Note: This works well before big events like Black Friday/Cyber Monday. But better yet, you can create your own holiday like BarkBox does for “National Dog Day.”
When used sparingly, a little mystery and intrigue go a long way to drive clicks and sales.
Increase popup conversion using the 60% Rule
Insights from Demand Curve.
While they're often thought of as intrusive, popups convert 3% of site visitors, on average.
And strategic, high-performing popups can reach ~10% conversion.
To make higher-converting, less intrusive popups, try the 60% Rule:
- Open your website's analytics and see what the average time spent is on a specific page you'd like to use a popup on.
- Set your popup to appear after 60% of the average time spent on your specific page. So if the average time spent on a page is 50 seconds, set your popup to appear 30 seconds after visitors land on that page.
At that point, readers have shown interest in your content but are nearing the end of their session. Prompting them with a relevant and valuable incentive in exchange for their email will feel like a fair exchange.
Bonus: When designing your popups, ensure the copy, call-to-action, and incentive are directly relevant to the page the visitor is currently on. You can rephrase the headers that appear on the page as a hook in the popup.
The upside of negative reviews
Insights from Demand Curve.
Negative reviews can actually improve checkout conversion.
For context, reviews are a big deal:
- 93% of consumers claim product reviews impact purchase decisions
- The social proof of having 50+ product reviews increases conversion. Shoppers trust peers more than they trust brands.
Negative yet constructive reviews can outperform your best positive review for generating sales. When a partially negative review weighs your cons versus your pros, and concludes that the product was worth purchasing anyway, that sounds authentic and honest.
Here's what you can do:
- Make sure your post-purchase email flow contains a request for reviews. The more reviews you have, the better.

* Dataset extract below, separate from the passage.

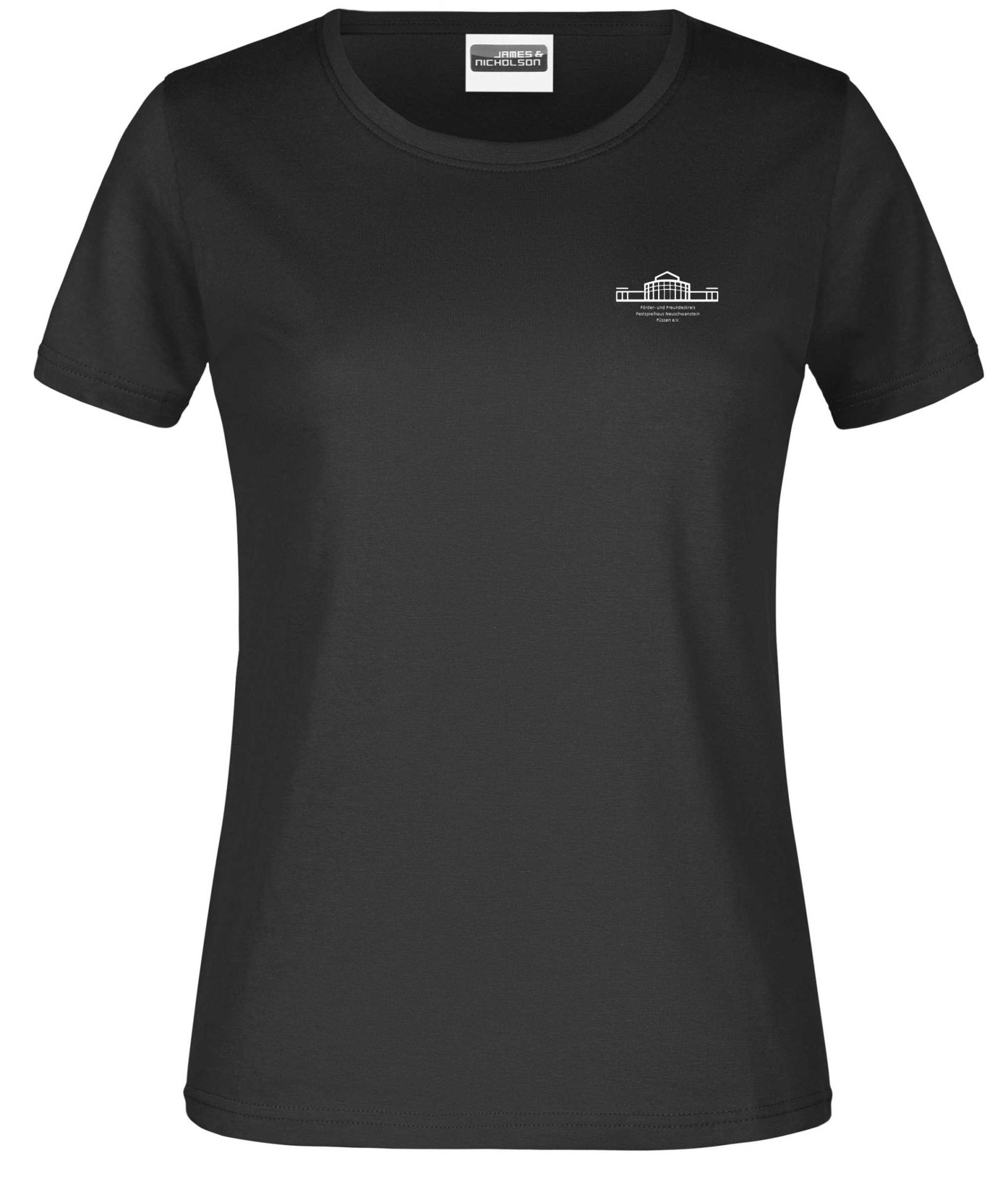 Druck: Weiß | T-Shirt  für Damen | in verschiedene Farben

- Don't bury slightly negative reviews. If someone leaves a 4-star review and offers a fair (and insignificant) critique, showcase it towards the top of your product page. Be human.
Test product categories in your header menu
Insight from Demand Curve.
Most ecommerce stores use one main navigation item, like ‘Products’ or ‘Shop’, as a dropdown for all of their product categories.
This can damage conversion.
When a customer arrives on your site, they’re immediately scanning for products. If it's not easy for them to find what they’re looking for, they’ll bounce.
Try this: Feature your product categories in your header menu. If you have dozens of categories, group them together to reduce friction. Once a customer feels that they are headed in the right direction (they’ve clicked a relevant category), they’ll feel better about continuing their search.
Worth testing: If you have one, clear, best-selling product, consider linking it directly in your header menu. It's likely that people visiting your site are coming specifically for your best-seller. They might have seen it in an ad or heard about it through word of mouth. Seeing it in your header menu is confirmation that it's worth clicking on.
Combine FAQs and category pages to keep visitors on-page longer
Insight from Demand Curve.
Marketers generally create standalone landing pages for product FAQs.
Instead, try weaving FAQs into your product pages.
This prevents visitors from having to leave your product pages to answer their questions, increasing your odds of converting them.
Try these four tactics:
- Make answers collapsible to avoid cluttering your pages.
- Order and categorize questions logically. Step into your customer's perspective and ask yourself, "What questions would pop into my head right now?" Then answer them in order.
- Feature real customer questions and answers. They're relatable.
- Include links to relevant blog posts, videos, and other resources in answers. If customer's need more convincing before purchase, they'll click through.